There’s much focus right now on the very different expectations of the Millennial generation. They want to experience things, not own them. They want sociable physical activity, not a competitive solo sport where they might get embarrassed if they don’t win, or if they wear the wrong thing. Instant gratification with minimal complication is demanded for anything they use. They have reduced attention spans and lots of demands on their time. Loyalty, to a brand, club or activity, is not guaranteed. Their family models are typically more complex than mother, father, two children and a pet animal.
In fact, it’s not just the 18-37 year olds for which this applies, because as with any social trend, wider age ranges are affected and influenced by what is going in the world too.

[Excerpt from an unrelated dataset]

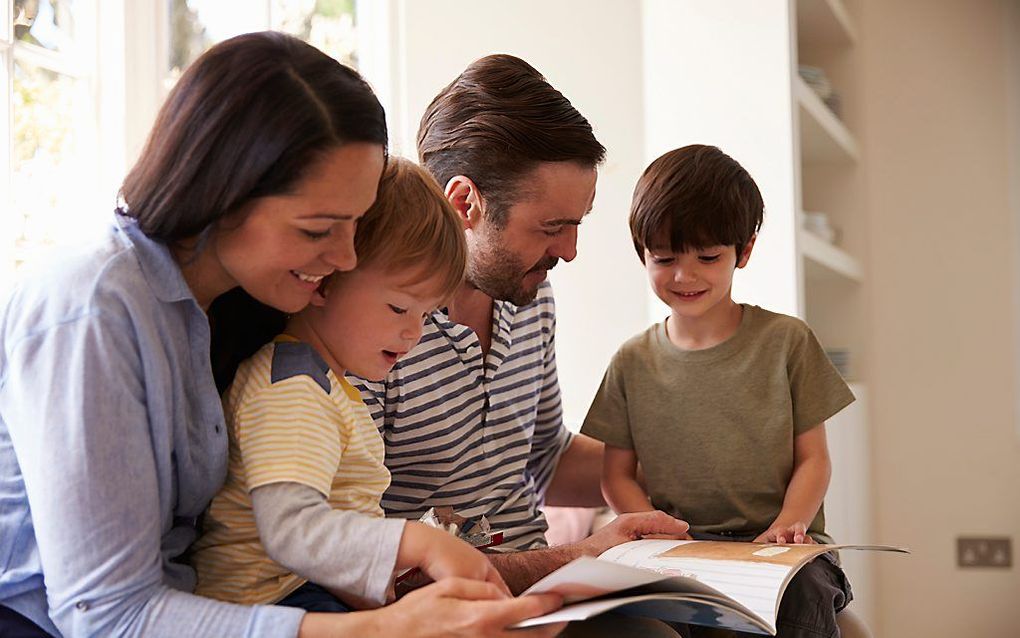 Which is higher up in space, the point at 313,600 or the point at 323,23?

There are plenty of 60-year-olds out there now, glued to mobile phones, taking selfies and much tut-tutting when the signal prevents them sending a WhatsApp to a friend.
The ramifications for the marine equipment industry are huge, of course.

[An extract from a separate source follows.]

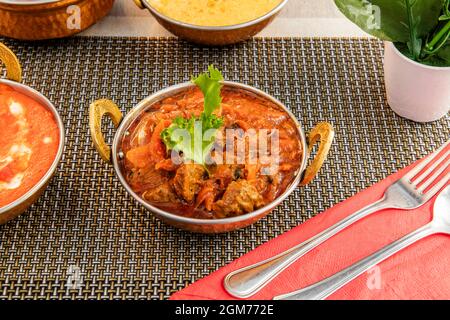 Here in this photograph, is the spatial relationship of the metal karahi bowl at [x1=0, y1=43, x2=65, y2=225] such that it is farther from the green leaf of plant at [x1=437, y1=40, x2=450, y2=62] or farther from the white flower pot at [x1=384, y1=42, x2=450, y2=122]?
the green leaf of plant at [x1=437, y1=40, x2=450, y2=62]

If boats are not getting sold into ownership, will the new build, refit, service and repair volumes remain the same? If they don’t, what will generate a healthy volume of orders from the marine equipment supply chain?
If there is no patience with things that don’t work, first time, without an instruction manual, what are the implications for design, in all aspects, for every product produced?
Global research is unveiling similar trends
One of the earliest marine industry associations (MIAs) to look seriously at future boating trends was the US National Marine Manufacturers Association, with its Grow Boating initiative which has been running in various forms since 2003, funded by a levy on products sold. Many things have come out of that, most recently its first annual Grow Boating Marine Industry Marketing Summit at IBEX in September. You can freely access the Grow Boating Summit papers here and they make fascinating reading.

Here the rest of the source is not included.